Islington Guided Walks host a variety of free Health and History walks in the borough’s parks. Oonagh Gay is leading the next one on Sunday 20 November in Wray Crescent Park. Here Oonagh explains how three of Islington’s small parks came to be.
There are several small parks in North Islington, in contrast to the large parks on its boundaries such as Finsbury Park and Waterlow Park. They were created in the post-war period when local authority planners adopted the principles of zoning in the Abercrombie Greater London Plan of 1945. The north of the borough was particularly overcrowded in the 1960s so Islington began to create a series of parks to replace terrace housing that was often in very poor condition. They weren’t always popular, as residents lost their homes, but today they are small oases for people living in the London borough that has the lowest ratio of open space to built-up area. The largest park wholly in Islington is Highbury Fields at 29.5 acres. Here are three smaller parks to explore by yourself or on an Islington Guided Walk!
Archway, N19 4EG
The name of one of the streets that Whittington Park replaced in the 1970s is still visible in the First World War memorial for Cromwell Road that’s displayed at the park’s entrance on Holloway Road. Named after North Islington’s most famous medieval man, Dick Whittington, the park has a wildlife pond and impressive playgrounds.
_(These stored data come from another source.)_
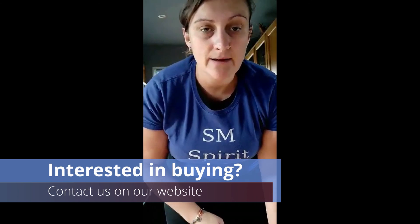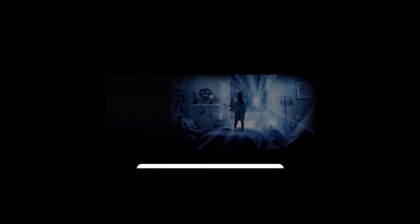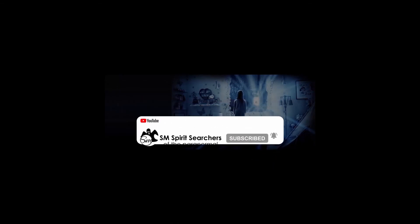And that's how you use dowsing rods. How I found the monkey is by asking my spirit guides to help me, because I do believe that spirit guides help you use your dowsing rods. I hope you enjoyed the video — please subscribe, and thank you for all your support. Any questions, feel free to ask. Please like, subscribe, and hit the notification bell. Thanks for watching.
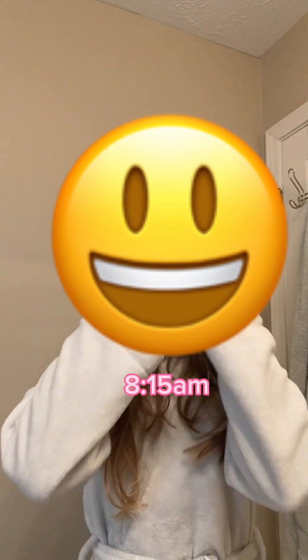Hey guys, welcome back to my channel! Today I'm gonna be doing a get ready with me for church. First thing I'm gonna go ahead and do is brush my teeth. Alright guys, now it's time to move on to my skincare. I'm gonna put on my skincare headband and then we will be good to go.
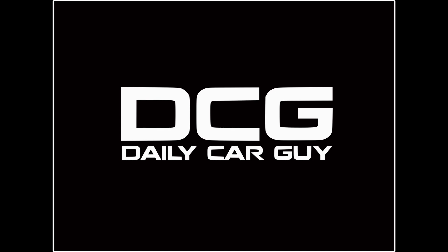What is up guys, welcome back to the channel, welcome back to the Daily Car Guy. I'm using my mic today — I hope it's doing pretty good. I came out here on this sunny day because I wanted to show you my Volkswagen Golf from the outside and talk about some plans I have coming in the near future.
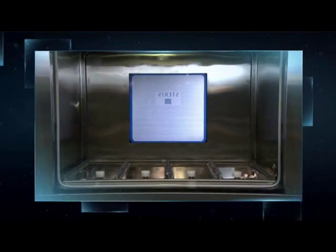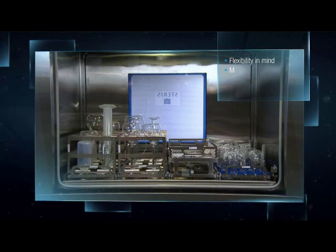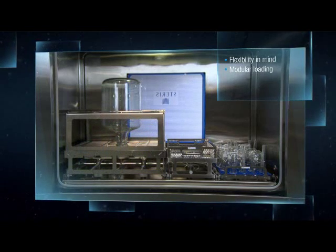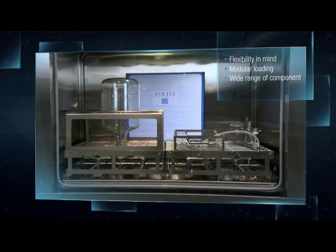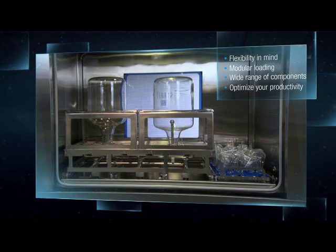The 480PG washer was designed with flexibility in mind. An extensive line of modular loading accessories can easily be configured to accommodate a wide range of components simultaneously, which optimizes your productivity and turnaround time.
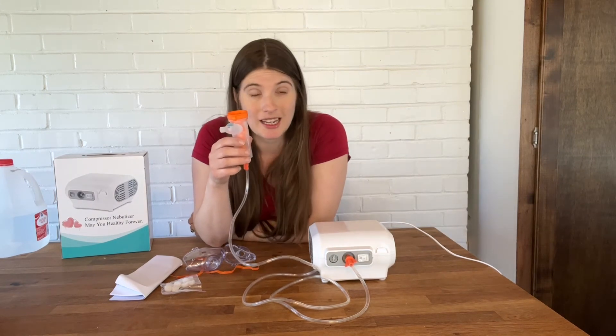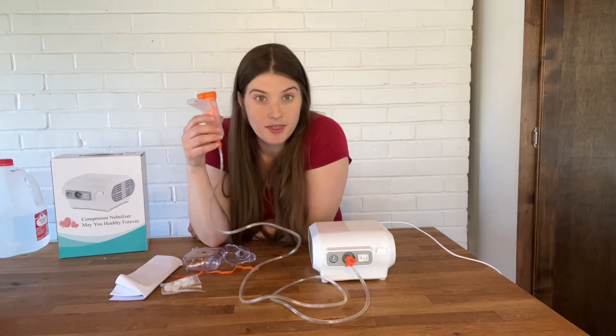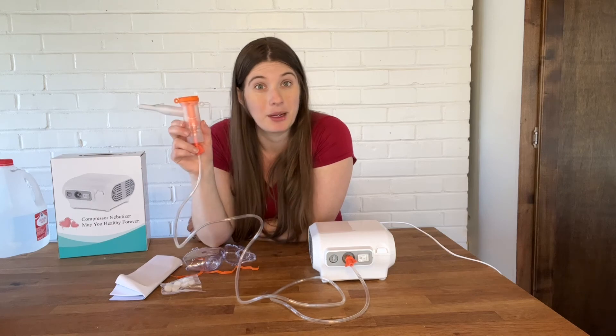This nebulizer has a fast atomization rate up to 12 minutes per treatment. It is stable and long lasting, made of high quality PVC material, with good heat dissipation and a strong power source. This nebulizer will meet all of your home medical needs when it comes to respiratory health. I cannot recommend this product enough.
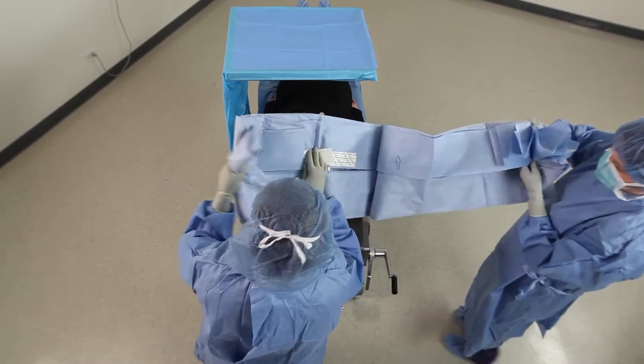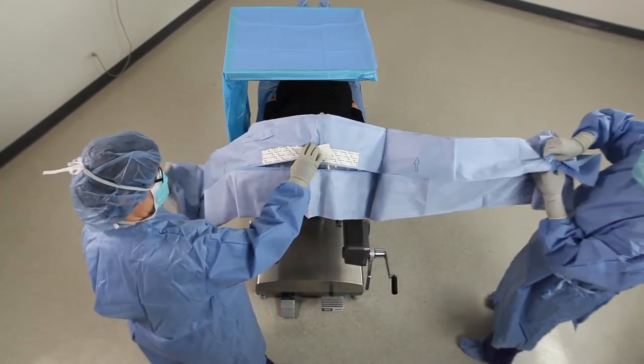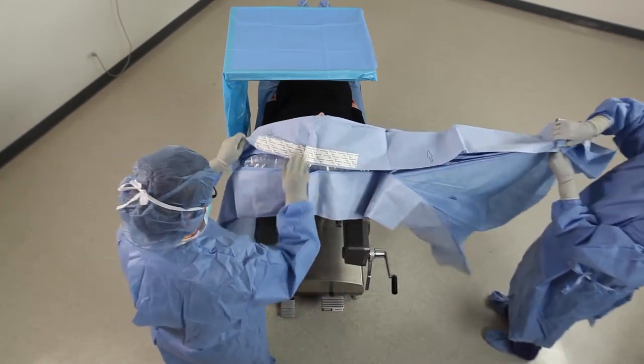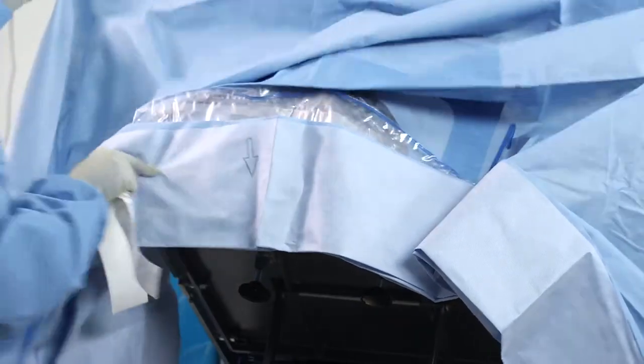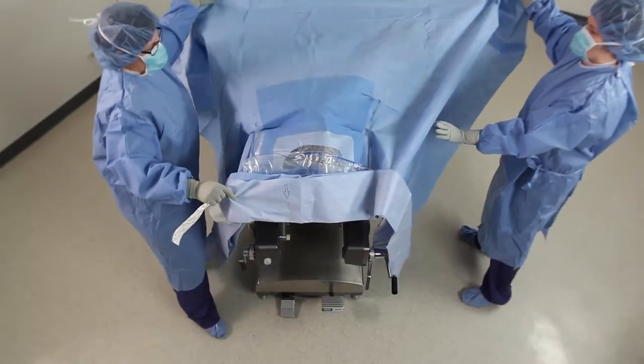Follow the directional arrows and open to the sides. Remove the release liner to expose the adhesive strip. Follow the directional arrows and open the drape.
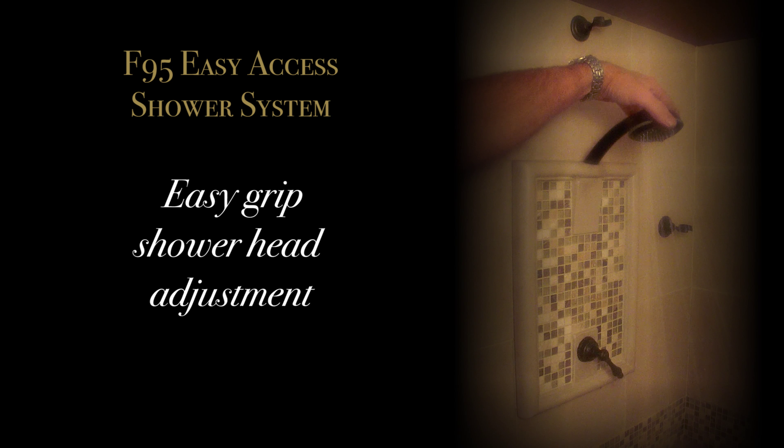We would like to introduce you to our F95 easy access shower system. You're going to be blown away with this innovative faucet. You can see the beautiful stone frame and unique design. Simply turn on the valve and use the easy grip shower head adjustment.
23 Hazellville Rd, N19 3NF
This park was created when the Elthorne estate was built in the 1970s off St John’s Way. To this day, the Islington Boxing Club is housed in a prefabricated building left behind by the contractors for the estate. Local residents established Sunnyside Community Gardens next door. Today football charities sponsor courts for local kids and there is a peace garden in the name of Philip Noel Baker. Go and see the ducklings and their duckhouse shown in the picture at the top of the post, built by a Sunnyside volunteer!
Wray Crescent Park
Wray Crescent, N4 3BH
A source for the underground Hackney Brook runs under this park, which is just over 5 acres. Plans to double its size were rejected by local residents in the 1980s. It houses Islington’s only public cricket ground and a community garden named in honour of local resident Yvonne Conolly, the first black female headteacher in the UK.